Apache Spark is an open-source data processing framework for large volumes of data from multiple sources. Spark is used in distributed computing for processing machine learning applications, data analytics, and graph-parallel processing on single-node machines or clusters. 

Owing to its lightning-fast processing speed, scalability, and programmability for Big Data, Spark has become one of the most widely used Big Data distributed processing frameworks for scalable computing. 

Thousands of companies, including tech giants like Apple, Facebook, IBM, and Microsoft, use Apache Spark. Spark Installation is simple and can be done in a variety of ways. It provides native bindings for programming languages, including Java, Scala, Python, and R. 

This guide will show you the step-by-step tutorial for Apache Spark Installation. 

Become a Data Scientist with Hands-on Training!

Data Scientist Master’s ProgramExplore Program
Become a Data Scientist with Hands-on Training!

Steps in Apache Spark Installation

Prerequisites:

  • A system running Windows 10
  • A user account with administrator privileges (needed for software installation, modifying file permissions, and modifying system path)
  • Command Prompt or Powershell
  • A tool like 7-Zip can extract .tar files

Step 1: Verifying Java Installation

To install Apache Spark on Windows, you need to have Java 8, or the latest version installed in your system. 
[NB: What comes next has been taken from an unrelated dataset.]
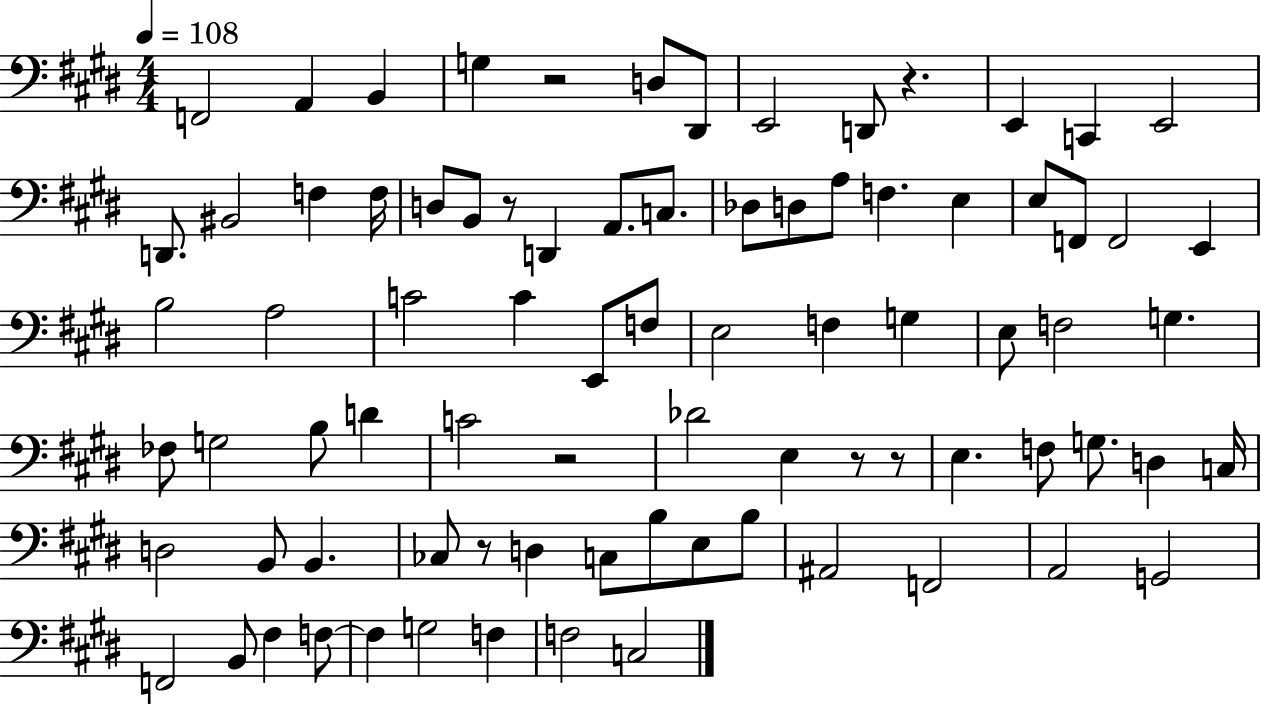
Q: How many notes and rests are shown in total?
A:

Try this command to verify the Java version:

$java -version 

If your system has Java already installed, you’ll get the following output:

java version "1.7.0_71" 

Java(TM) SE Runtime Environment (build 1.7.0_71-b13) 

Java HotSpot(TM) Client VM (build 25.0-b02, mixed mode)
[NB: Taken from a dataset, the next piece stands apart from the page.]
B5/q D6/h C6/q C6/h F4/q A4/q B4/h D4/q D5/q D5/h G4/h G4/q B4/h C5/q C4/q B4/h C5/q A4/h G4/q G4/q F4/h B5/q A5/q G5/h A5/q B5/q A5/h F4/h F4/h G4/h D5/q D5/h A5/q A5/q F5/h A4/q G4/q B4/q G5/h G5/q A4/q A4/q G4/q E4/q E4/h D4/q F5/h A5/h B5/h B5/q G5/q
If you do not have Java installed, download Java from https://java.com/en/download/ and install Java in your system before proceeding to the next step 

Step 2: Verifying Scala Installation 

To implement Apache Spark, you need to have Scala language installed in your system. Verify Scala installation with the following command:

$scala -version

If you have Scala already installed, you will see the following response:

Scala code runner version 2.11.6 -- Copyright 2002-2013, LAMP/EPFL

However, if you do not have Scala installed, proceed to the next step of Spark installation.

Step 3: Downloading Scala

Download the latest version of Scala from the link http://www.scala-lang.org/download/ and install Scala in your system before proceeding to the next step. 
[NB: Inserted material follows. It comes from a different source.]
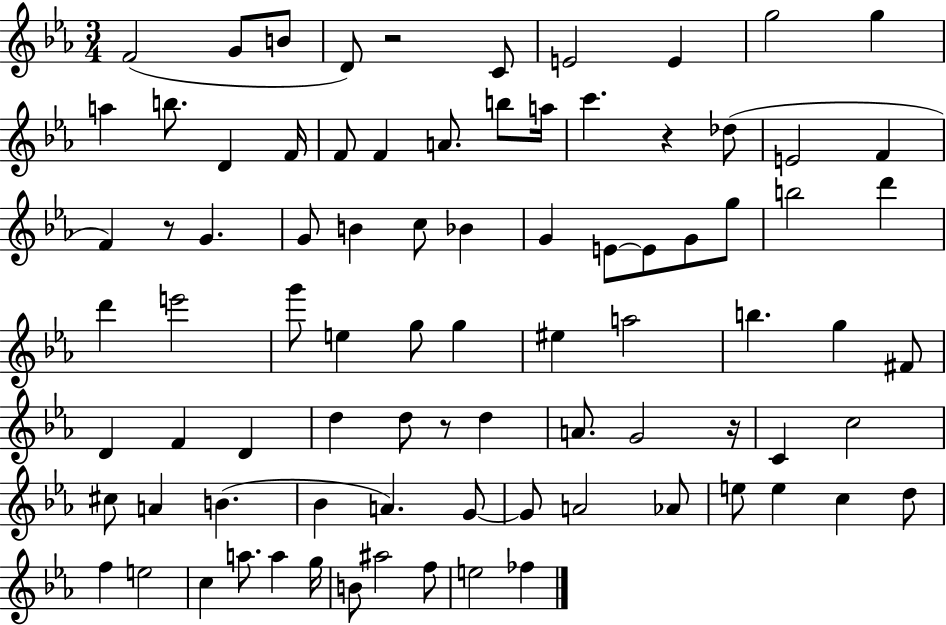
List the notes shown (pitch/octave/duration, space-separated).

F4/h G4/e B4/e D4/e R/h C4/e E4/h E4/q G5/h G5/q A5/q B5/e. D4/q F4/s F4/e F4/q A4/e. B5/e A5/s C6/q. R/q Db5/e E4/h F4/q F4/q R/e G4/q. G4/e B4/q C5/e Bb4/q G4/q E4/e E4/e G4/e G5/e B5/h D6/q D6/q E6/h G6/e E5/q G5/e G5/q EIS5/q A5/h B5/q. G5/q F#4/e D4/q F4/q D4/q D5/q D5/e R/e D5/q A4/e. G4/h R/s C4/q C5/h C#5/e A4/q B4/q. Bb4/q A4/q. G4/e G4/e A4/h Ab4/e E5/e E5/q C5/q D5/e F5/q E5/h C5/q A5/e. A5/q G5/s B4/e A#5/h F5/e E5/h FES5/q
In this tutorial, we are using Scala - 2.11.6 version. 

Once the download is complete, you will find the Scala tar file in the downloads folder. 

Step 4: Installing Scala

Steps to follow for Scala installation:

  • Extract the Scala tar File –

Use the command below for extracting the Scala tar file.

$ tar xvf scala-2.11.6.tgz

  • Move Scala Software Files – 

To move the Scala software files to the respective directory (/usr/local/scala), use the following commands:

$ su – 

Password: 

# cd /home/Hadoop/Downloads/ 

# mv scala-2.11.6 /usr/local/scala 

# exit

  • Set PATH for Scala – 

The command to set PATH for Scala is:

$ export PATH = $PATH:/usr/local/scala/bin

  • Verifying Scala Installation

Verification should follow Scala installation. Use the command below for verifying Scala installation:

$scala -version

You should see the following output:

Scala code runner version 2.11.6 -- Copyright 2002-2013, LAMP/EPFL

Learn Job Critical Skills To Help You Grow!

Post Graduate Program In Data EngineeringExplore Program
Learn Job Critical Skills To Help You Grow!

Step 5: Downloading Apache Spark

Open a browser and navigate to the link https://spark.apache.org/downloads.html

For this tutorial, we are using spark-1.3.1-bin-hadoop2.6 version.

Under the ‘Download Apache Spark’ heading, choose from the 2 drop-down menus.  

  • In the ‘Choose a Spark release’ drop-down menu select 1.3.1
  • In the second ‘Choose a package type’ drop-down menu, select Pre-built for Apache Hadoop 2.6. 

Click the spark-1.3.1-bin-hadoop2.6.tgz link to download Spark. After the download is complete, you will find the Spark tar file in the Downloads folder.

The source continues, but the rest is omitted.